#### Data excerpts
<<<<

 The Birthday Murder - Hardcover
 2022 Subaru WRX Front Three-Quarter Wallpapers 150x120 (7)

>>>>
<<<<

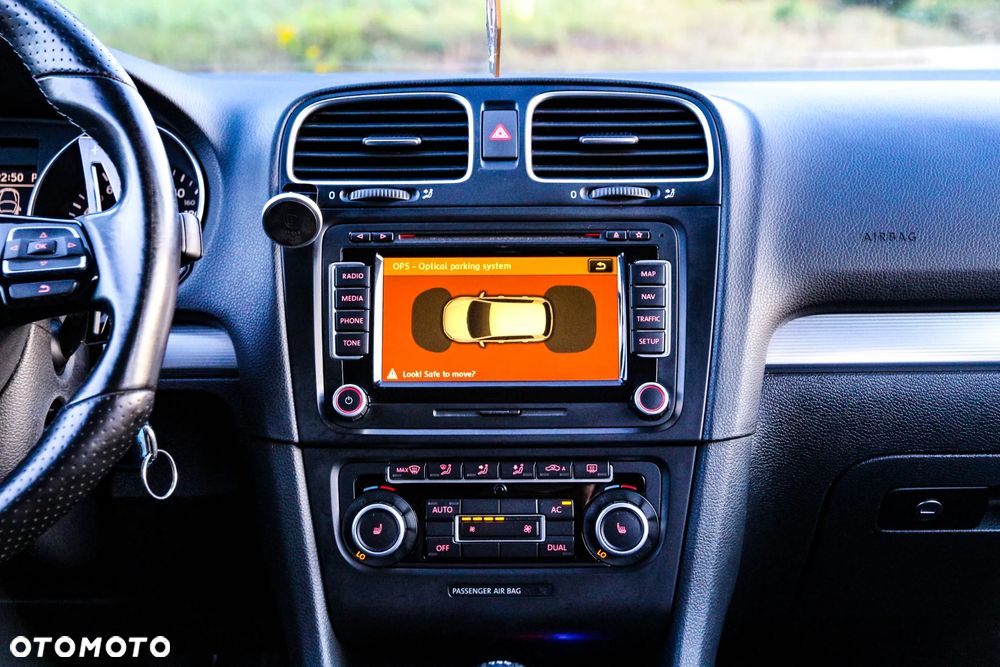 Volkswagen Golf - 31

>>>>

#### What you will do
With the line holding "The Birthday Murder - Hardcover" as the first and the line holding "2022 Subaru WRX" as the last, please transcribe exactly the lines of the material above in that range and nothing else.

#### Solution to this exercise
 The Birthday Murder - Hardcover
 2022 Subaru WRX Front Three-Quarter Wallpapers 150x120 (7)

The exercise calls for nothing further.